「普通なら…そうですね…」
でも私は、名前に込められた意味を知らない…
「お前は違うのか、花音」
「私は、私に名をくれた人を知らない。話した事もないから…」
きっと私はいらなかったんだと思う。
本当の両親にも、今の両親にも…
「必要とされてなかったんだ…」
「花音…お前……」
心配そんな顔をするシェスに、私は無理矢理笑顔を向ける。
「大丈夫、辛いなんて思ってないよ!!私はもう大丈夫!」
そんな時期通り越した。
今なら辛い時こそ笑顔になれる。
これが私の精一杯の強さなの。
「そんな顔して良く言う。お前は頑固だな」
「っ!!!!」
優しい笑みを浮かべるシェスに、ルカの面影が重なった。
ルカ…………?
「どうした、花音?」
「あ……」
気のせいだったみたいだ。ルカ…………
「ごめん、知ってる人に似てたから…」
「ルカ…ですか?」
「っ!!!!?」
突然聞こえた悪魔の声に背筋が凍る。
「予想よりも早い到着だな、アル」
「全く、あなた方には呆れますよ」
ついに見つかったというのにシェスは普通だ。
「こいつはすぐに俺を見つけられるからな」
「当然です」
仲良いんだ…
やっぱり主従関係とか、そういんじゃない。
信頼だ。
「ところでルチア、ルカとは誰です?」
「あ………」
またその話に戻るんだ。
「俺に似てるっていう奴の名前か?」
シェスに……
うーん…似てるように見えただけで、シェスはルカじゃない。
「似てるけど違う…かな。
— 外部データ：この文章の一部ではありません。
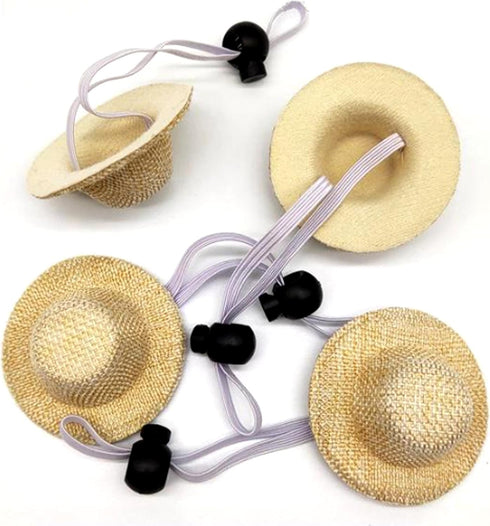 Cute Hamster Hat and 10 Pcs Sunglasses Set for Hamsters, Lizard, Guinea Pig, Small Pet Accessories (Beige)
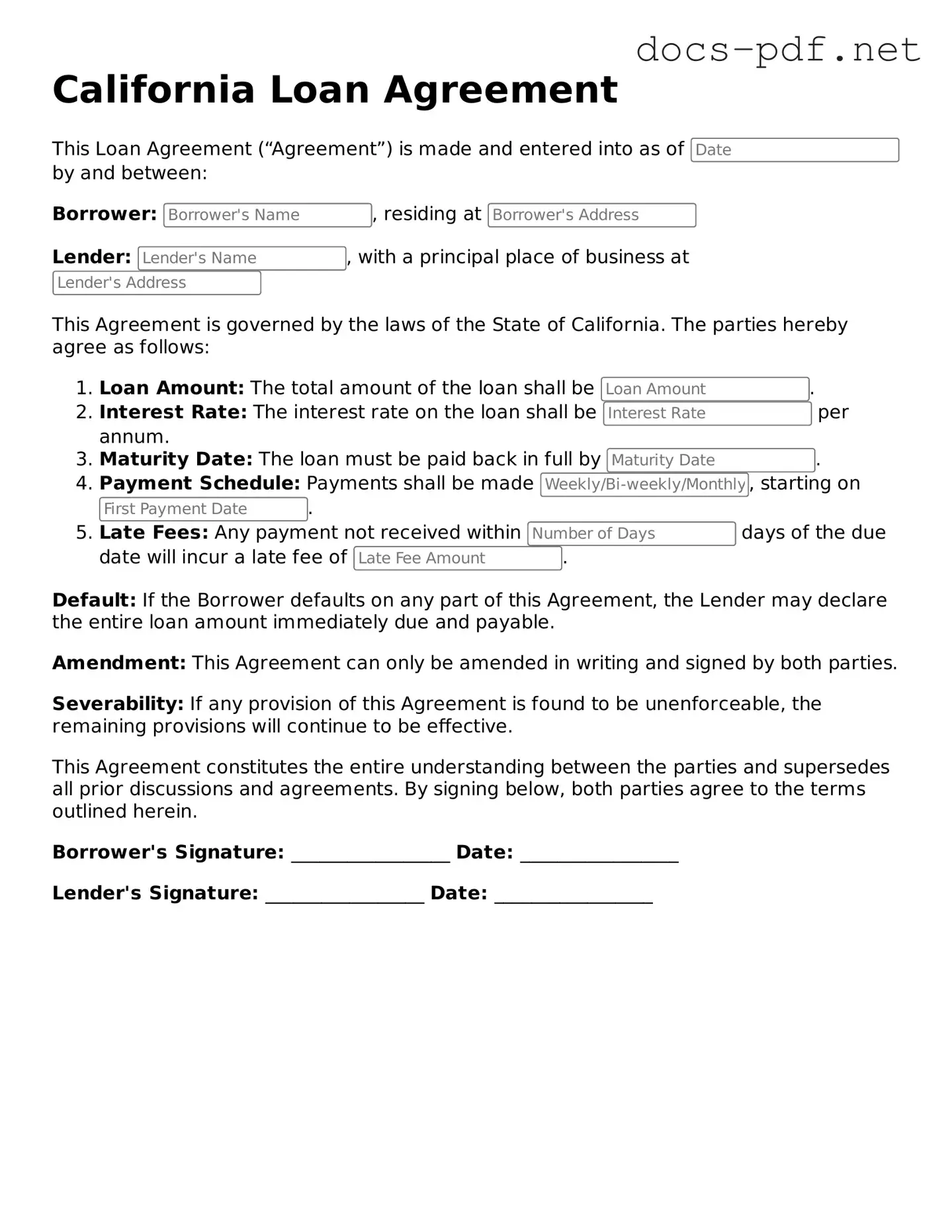 Official  Loan Agreement Form for California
ルカは私の大切な人なの。この世界で誰よりも…」
初めて私を見てくれた。
繕う私じゃなくて、本当の私を……
「それから、ルカはルチアだよ」
「どういう事です?ルチアは何人も存在するのですか?」
「それはないな。伝承ではルチアは世界にたった一人だけと記されてる」
世界にたった一人?
「じゃあ、ルカはこの世界にいないって事?」
私を守ってくれているのはルカで、この世界のどこかで私を待ってるんだと思ってた。
なのに……でも…
「ルカが私にルチアになれって…。ルカが私をここへ呼んだんじゃないの…?」
「落ち着きなさい、ルチア。まだ決まったわけじゃないでしょう」
不安と戸惑いで混乱する私を、アルが宥める。